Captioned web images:
= = =
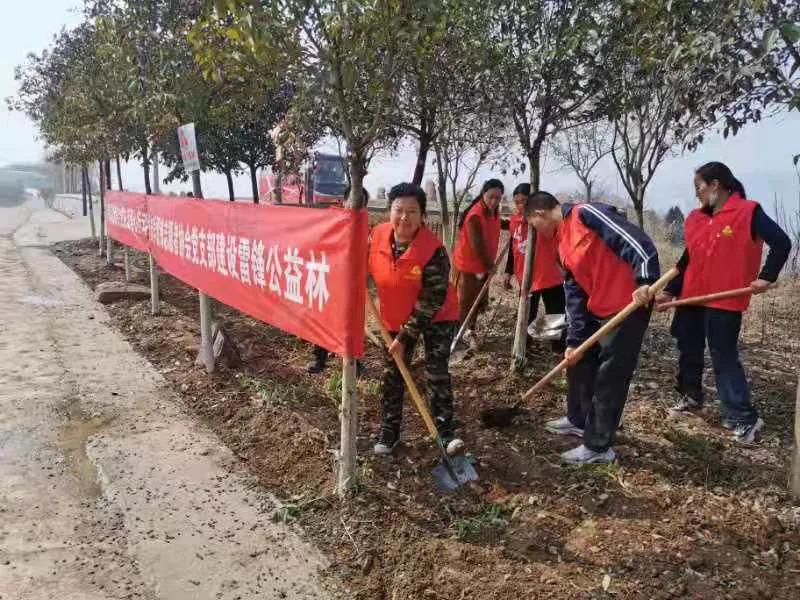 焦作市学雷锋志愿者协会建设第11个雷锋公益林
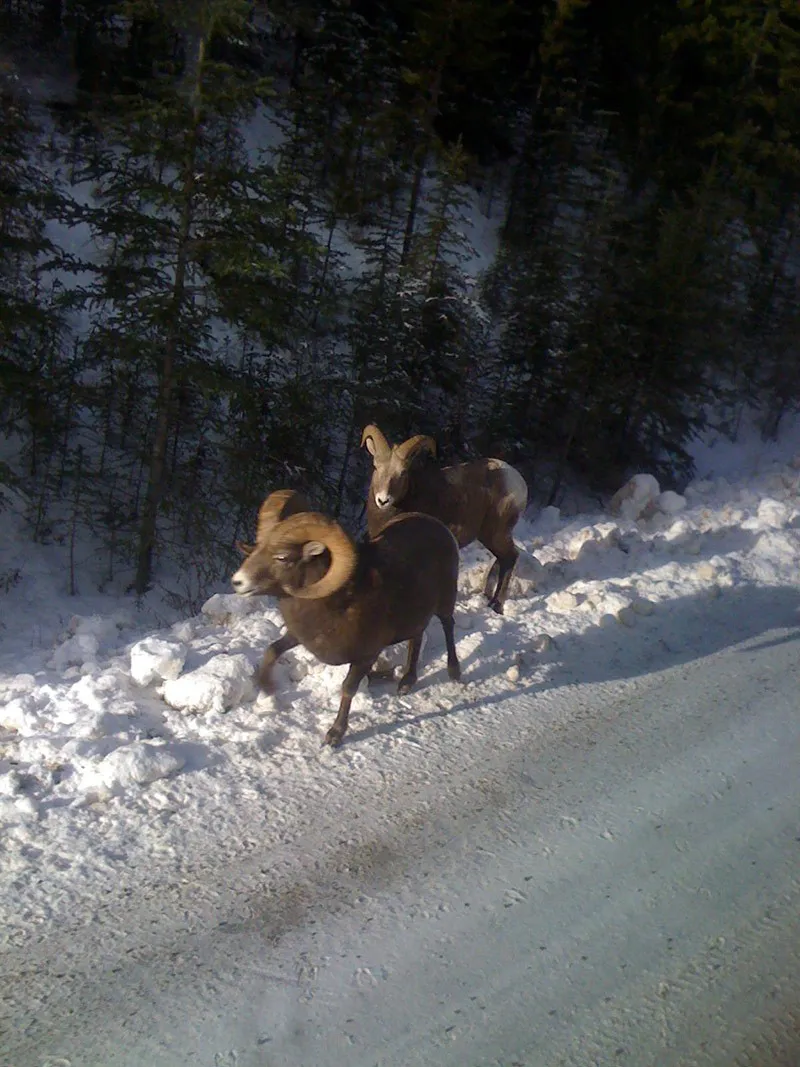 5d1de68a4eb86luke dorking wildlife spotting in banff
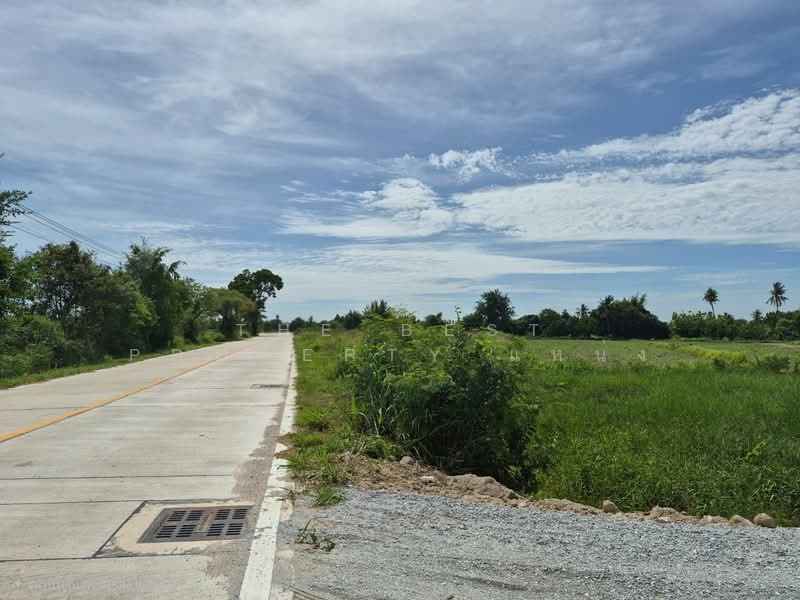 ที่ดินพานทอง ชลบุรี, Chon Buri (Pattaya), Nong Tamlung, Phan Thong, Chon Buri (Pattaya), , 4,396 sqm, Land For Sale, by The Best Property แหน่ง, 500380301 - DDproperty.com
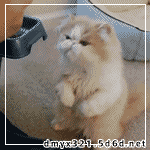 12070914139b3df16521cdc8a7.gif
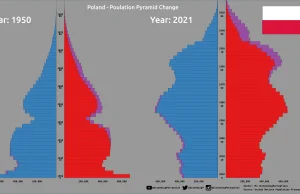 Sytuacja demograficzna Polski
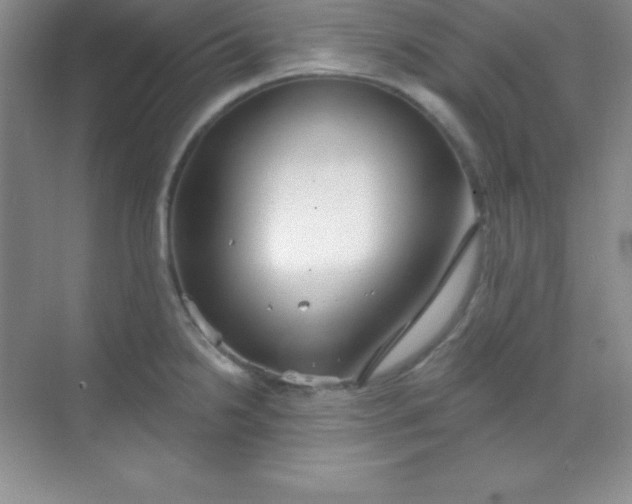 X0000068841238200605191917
= = =
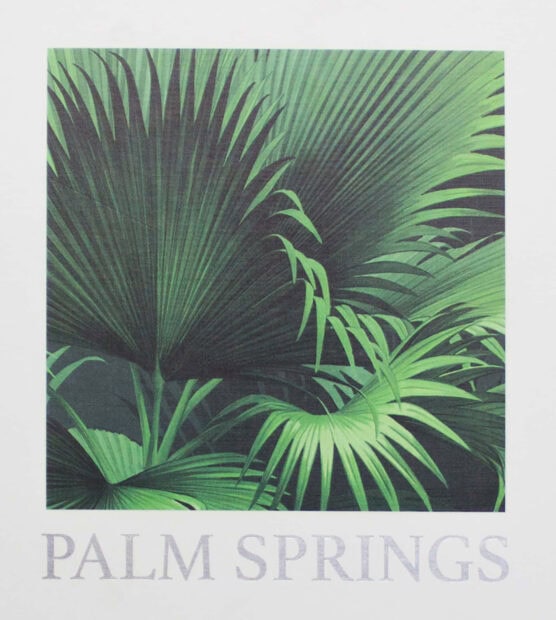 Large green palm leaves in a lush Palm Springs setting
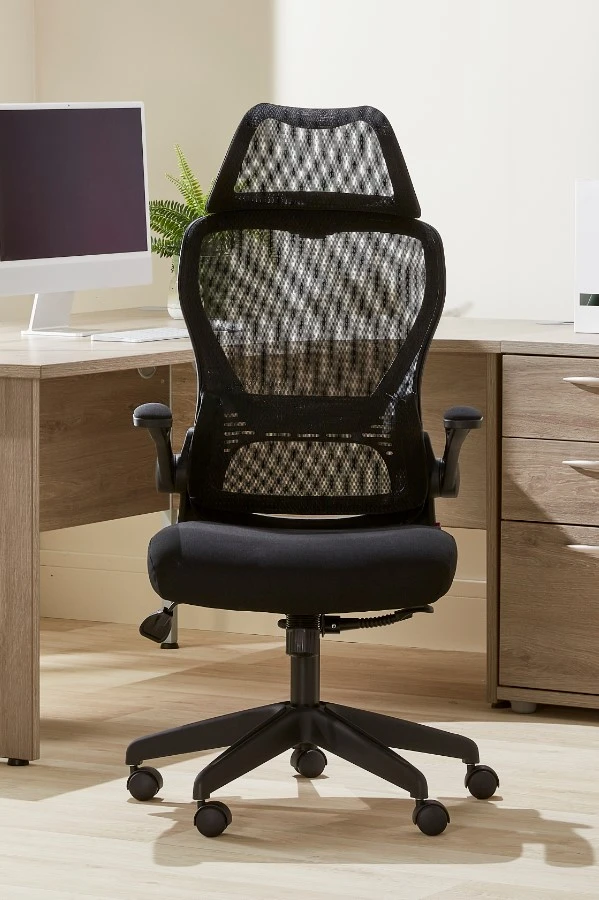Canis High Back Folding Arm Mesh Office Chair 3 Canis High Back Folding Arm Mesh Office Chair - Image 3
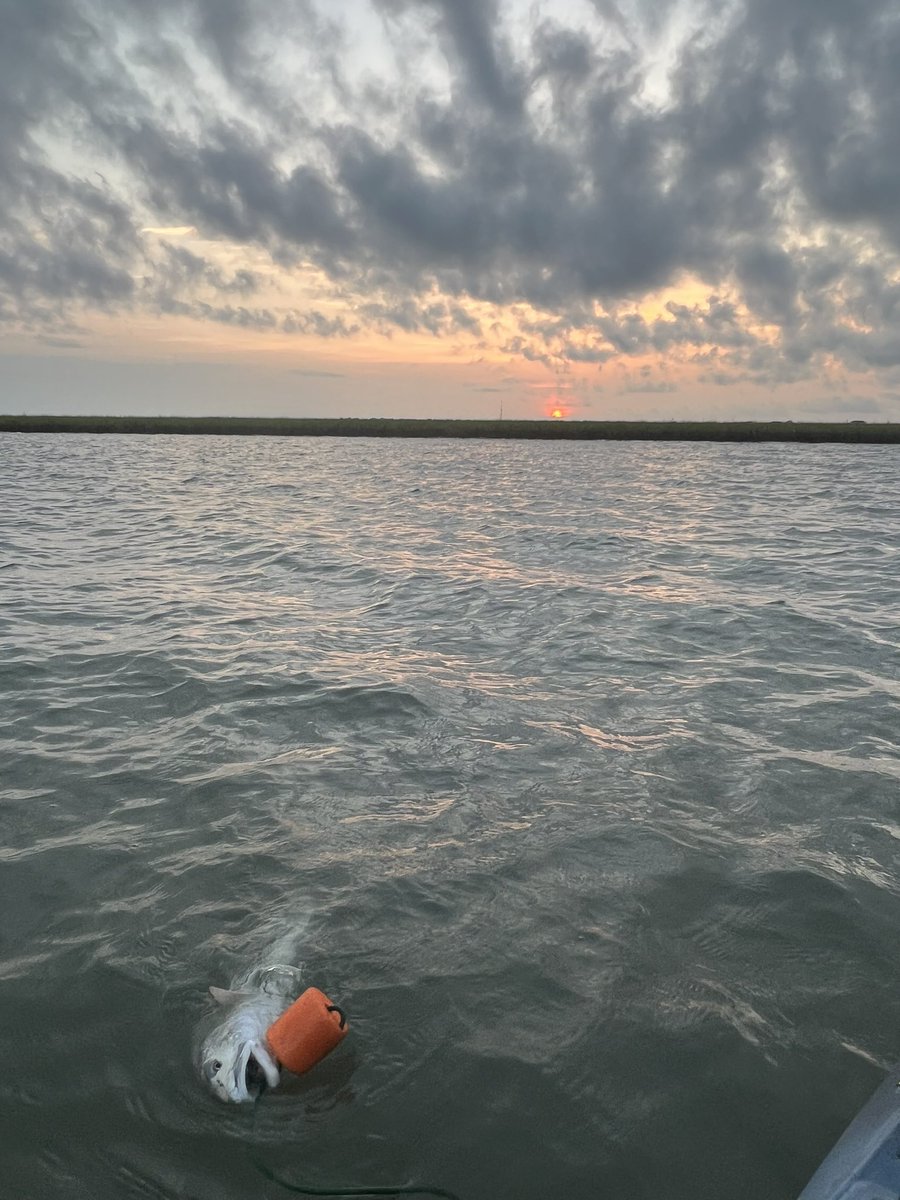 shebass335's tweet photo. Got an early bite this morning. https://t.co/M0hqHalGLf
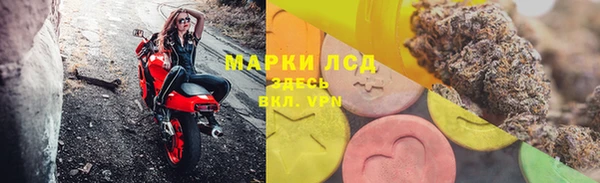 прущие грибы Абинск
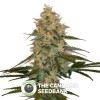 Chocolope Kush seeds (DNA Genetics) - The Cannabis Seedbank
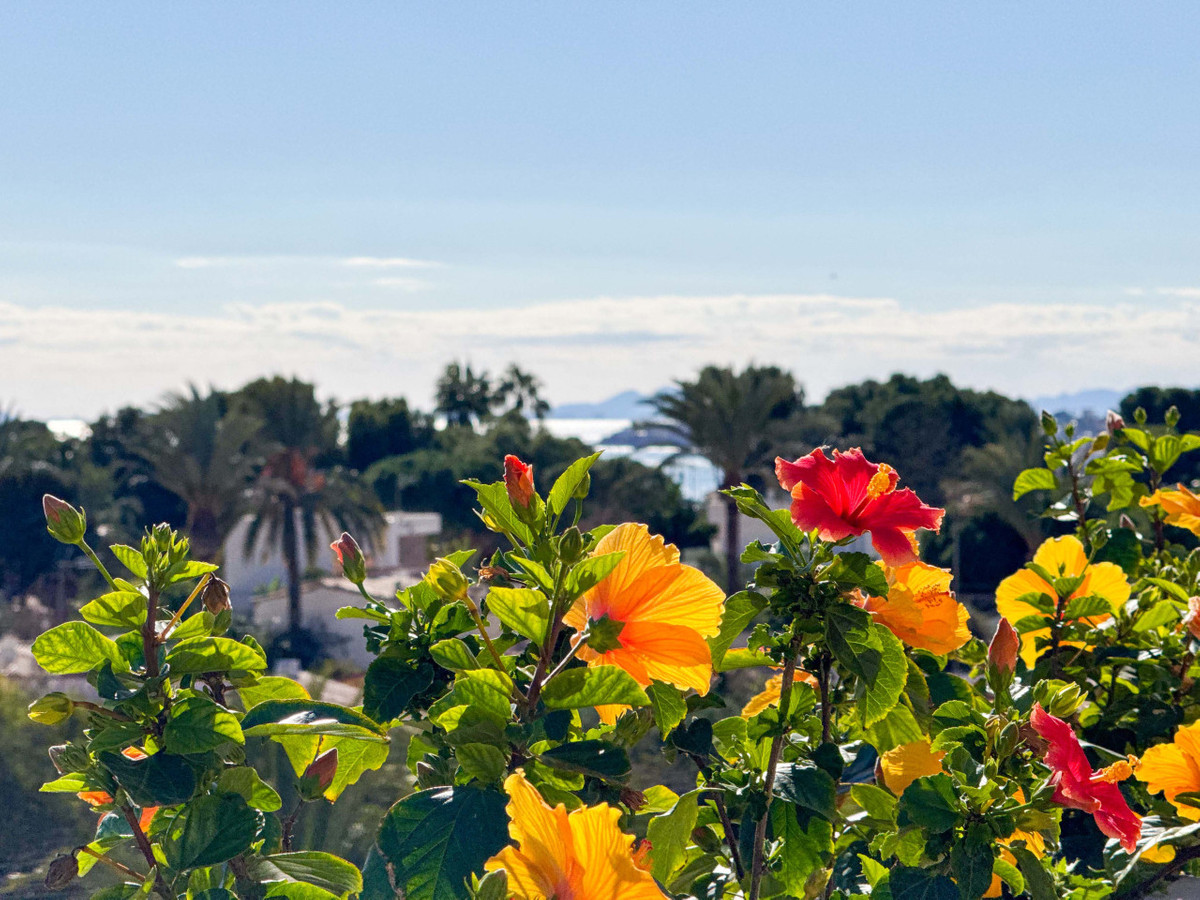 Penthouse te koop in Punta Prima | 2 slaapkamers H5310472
= = =
## [Exercise description]
Would you copy, word for word, only the lines above from the one containing "焦作市学雷锋志愿者协会建设第11个雷锋公益林" through the one containing "X0000068841238200605191917", both included, and please leave out the pictures?

## [Completed task]
 焦作市学雷锋志愿者协会建设第11个雷锋公益林
 5d1de68a4eb86luke dorking wildlife spotting in banff
 ที่ดินพานทอง ชลบุรี, Chon Buri (Pattaya), Nong Tamlung, Phan Thong, Chon Buri (Pattaya), , 4,396 sqm, Land For Sale, by The Best Property แหน่ง, 500380301 - DDproperty.com
 12070914139b3df16521cdc8a7.gif
 Sytuacja demograficzna Polski
 X0000068841238200605191917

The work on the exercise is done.